[Text-to-region grounding data]
↓↓↓
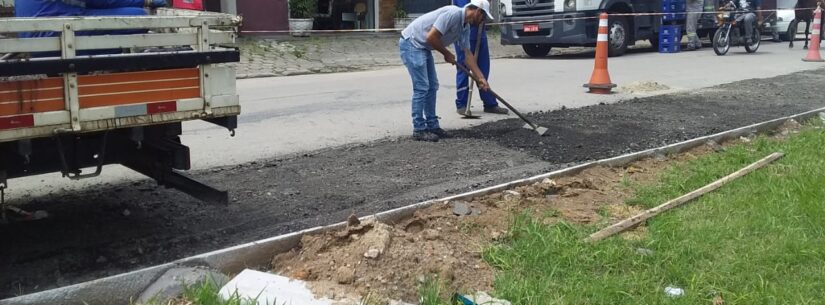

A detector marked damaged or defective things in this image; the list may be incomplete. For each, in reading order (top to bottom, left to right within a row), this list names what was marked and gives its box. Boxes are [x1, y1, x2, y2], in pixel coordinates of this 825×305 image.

broken concrete chunk [138, 264, 229, 302]
broken concrete chunk [222, 268, 334, 304]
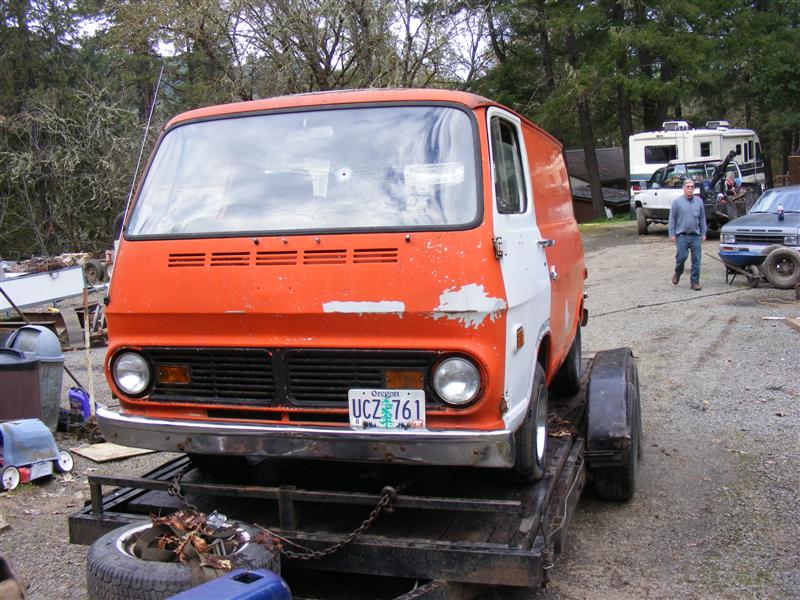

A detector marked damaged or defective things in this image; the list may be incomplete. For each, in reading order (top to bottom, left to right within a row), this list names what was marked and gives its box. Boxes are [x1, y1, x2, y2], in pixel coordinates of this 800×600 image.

cracked windshield [128, 104, 478, 236]
rusty van body [100, 90, 588, 482]
peeling paint [432, 284, 506, 330]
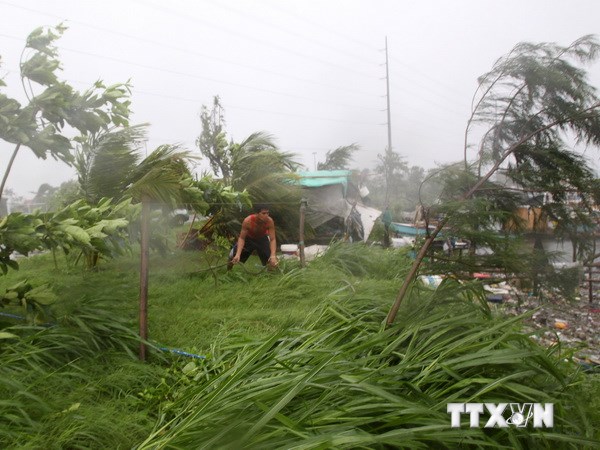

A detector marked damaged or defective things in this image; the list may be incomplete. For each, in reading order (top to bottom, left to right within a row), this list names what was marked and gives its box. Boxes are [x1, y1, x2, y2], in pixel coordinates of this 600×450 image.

damaged shelter [290, 171, 380, 243]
↑↑↑
• WHAT YOU SHOULD DO: Could you print the data exactly as it appears and keep the pictures out?

• ANSWER TO THIS PROBLEM:
A detector marked damaged or defective things in this image; the list may be incomplete. For each, in reading order (top to bottom, left to right within a row), this list names what was marked and gives its box. Boxes are [x1, y1, x2, y2], in pixel coordinates of this 825×305 image.

broken concrete chunk [138, 264, 229, 302]
broken concrete chunk [222, 268, 334, 304]

A detector marked damaged or defective things in this image; the list may be incomplete. For each, in reading order (top to bottom, left to right within a row), this list names what was marked and gives its box. Boxes are [x1, y1, x2, y2], in pixel coordinates of this 800×600 image.

cracked windshield [128, 104, 478, 236]
rusty van body [100, 90, 588, 482]
peeling paint [432, 284, 506, 330]

A detector marked damaged or defective things in this image; the list may be incomplete. For each, in reading order (top to bottom, left to right within a row), this list names what was marked and gives its box. Boxes are [x1, y1, x2, y2], in pixel coordinates of this 600×450 image.

damaged shelter [290, 171, 380, 243]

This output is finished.